Task inputs:
Start of Block

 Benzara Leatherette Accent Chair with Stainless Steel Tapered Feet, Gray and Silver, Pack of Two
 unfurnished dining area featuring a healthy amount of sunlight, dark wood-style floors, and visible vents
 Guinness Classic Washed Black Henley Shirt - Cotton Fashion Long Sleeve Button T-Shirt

End of Block
Start of Block

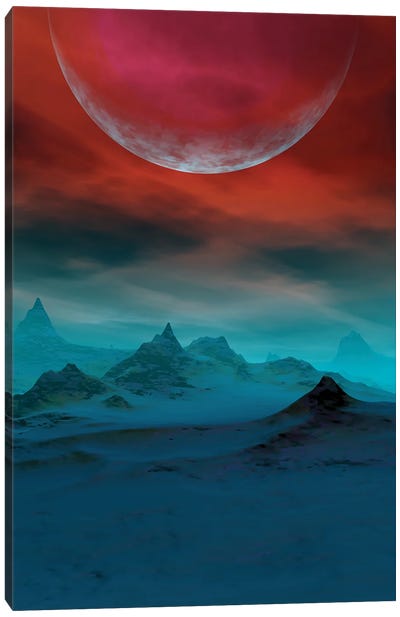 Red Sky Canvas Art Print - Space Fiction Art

End of Block

What the task asks:
Given the records above, restate word for word only the lines starting at the one with "Benzara Leatherette Accent" and ending at the one with "Guinness Classic Washed".

Answer to this problem:
 Benzara Leatherette Accent Chair with Stainless Steel Tapered Feet, Gray and Silver, Pack of Two
 unfurnished dining area featuring a healthy amount of sunlight, dark wood-style floors, and visible vents
 Guinness Classic Washed Black Henley Shirt - Cotton Fashion Long Sleeve Button T-Shirt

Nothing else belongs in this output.